Thank you for reading Storytellers – I hope you enjoyed it.
I would be most grateful for a review or a comment on Amazon, Goodreads, or any other website of your choice. Takk fyrir!

 

You might have noticed similar requests in other authors’ books. Not just indie authors like me, but traditionally published writers whose books have their own shelves in Waterstones. Oddly, we don’t say “only leave GOOD reviews”, so… why? Is this some sort of a competition?

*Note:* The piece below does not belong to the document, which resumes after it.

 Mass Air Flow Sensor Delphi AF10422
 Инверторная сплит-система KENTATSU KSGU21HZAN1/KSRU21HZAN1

Why, it is! As of March 31, there were 3.4 million books in the Kindle store. That’s a lot of competition. Average sales of a debut novel are 100 copies within the first year and 500 copies within the book’s lifetime. This includes both J. K. Rowling and Jane Smith, whose sad story I tell below…

 

(in)Visibility

 

 

Jane Smith just self-published a novel called Rabbits Attack. The novel, which she worked on for eight years, sold 30 copies in its first week, 15 in week two, 2 in week three. Her heart sinks as Jane watches her sales drop. With a sigh, she opens her book’s page and notices something odd. Her book’s Amazon page lists… fifty-five other titles – and that’s with an ad-blocker! Those are divided between so-called “Also boughts”, “Customers also shopped for”, and “Customers who viewed this item also viewed” sections. So, on her own book’s page, Jane has fifty-five competitors. That’s more than the number of books she sold.